* **Provided records**

——

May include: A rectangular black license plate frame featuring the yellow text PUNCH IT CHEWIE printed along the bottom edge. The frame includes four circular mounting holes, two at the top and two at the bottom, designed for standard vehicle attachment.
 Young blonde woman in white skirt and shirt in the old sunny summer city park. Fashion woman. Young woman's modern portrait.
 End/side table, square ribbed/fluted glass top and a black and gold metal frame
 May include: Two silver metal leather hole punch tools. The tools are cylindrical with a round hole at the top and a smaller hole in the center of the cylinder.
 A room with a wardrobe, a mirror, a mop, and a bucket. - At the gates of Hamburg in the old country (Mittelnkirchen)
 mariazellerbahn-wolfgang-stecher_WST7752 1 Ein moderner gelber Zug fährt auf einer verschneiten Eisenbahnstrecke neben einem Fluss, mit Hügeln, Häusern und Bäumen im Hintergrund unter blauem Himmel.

——

* **Your instructions**
Only the lines from the start of the material through the line containing "End/side table, square" belong in the answer, each copied exactly.

* **Written response**
May include: A rectangular black license plate frame featuring the yellow text PUNCH IT CHEWIE printed along the bottom edge. The frame includes four circular mounting holes, two at the top and two at the bottom, designed for standard vehicle attachment.
 Young blonde woman in white skirt and shirt in the old sunny summer city park. Fashion woman. Young woman's modern portrait.
 End/side table, square ribbed/fluted glass top and a black and gold metal frame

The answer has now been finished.